Developed and developing countries

 

 

 

By Countercurrents.org

 

16 May, 2013
Countercurrents.org

 

The gap between rich and poor widened more in the three years to 2010 than in the previous 12 years, said OECD, the group of industrialized nations.

 

According to an OECD report released on May 15, 2013, the richest 10% of society in the 33 OECD countries received 9.5 times that of the poorest in terms of income, up from nine times in 2007.

 

New OECD data showed:

 

The gap is largest in Chile, Mexico, Turkey, the US and Israel, and lowest in Iceland, Slovenia, Norway and Denmark. [1]

 

OECD found:

 

Poorer households tended to lose more or gain less than richer households between 2007 and 2010. The top 10 percent of the population did better than the poorest 10 percent in 21 of the 33 countries where data were available.

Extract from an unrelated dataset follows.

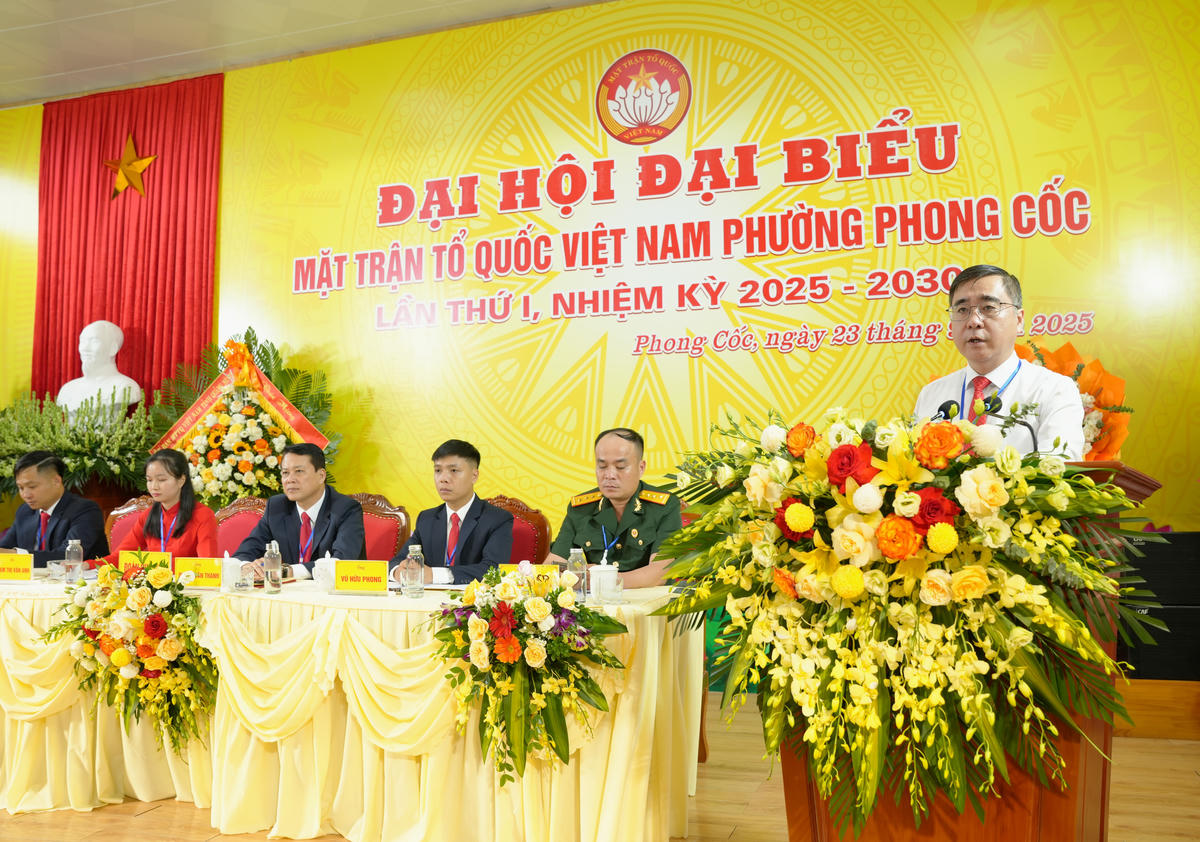 Phó Chủ tịch Thường trực Ủy ban MTTQ Việt Nam tỉnh Quảng Ninh Nguyễn Chí Thành đánh giá cao những kết quả mà MTTQ phường TP Phong Cốc đã đạt được. Ảnh: Ngọc Anh.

Using pre-crisis income levels as a benchmark, the number of people living in poverty rose during the crisis in most countries.

 

Taxes and benefits helped mitigate the overall increases, but the impact varied. Between 2007 and 2010, average relative income poverty in OECD countries rose from 13 to 14% among children and from 12 to 14% among youth, but fell from 15 to 12% among the elderly. Until 2010, in many countries, pensioners were largely protected while working households took the hit.

Children and the young are among the worst sufferers. The OECD report found:

 

Child poverty has risen in 16 OECD countries since 2007, with increases exceeding 2 points in Turkey, Spain, Belgium, Slovenia and Hungary. This confirms a previously identified trend of young people and children replacing the elderly as the group most at risk of income poverty across the OECD.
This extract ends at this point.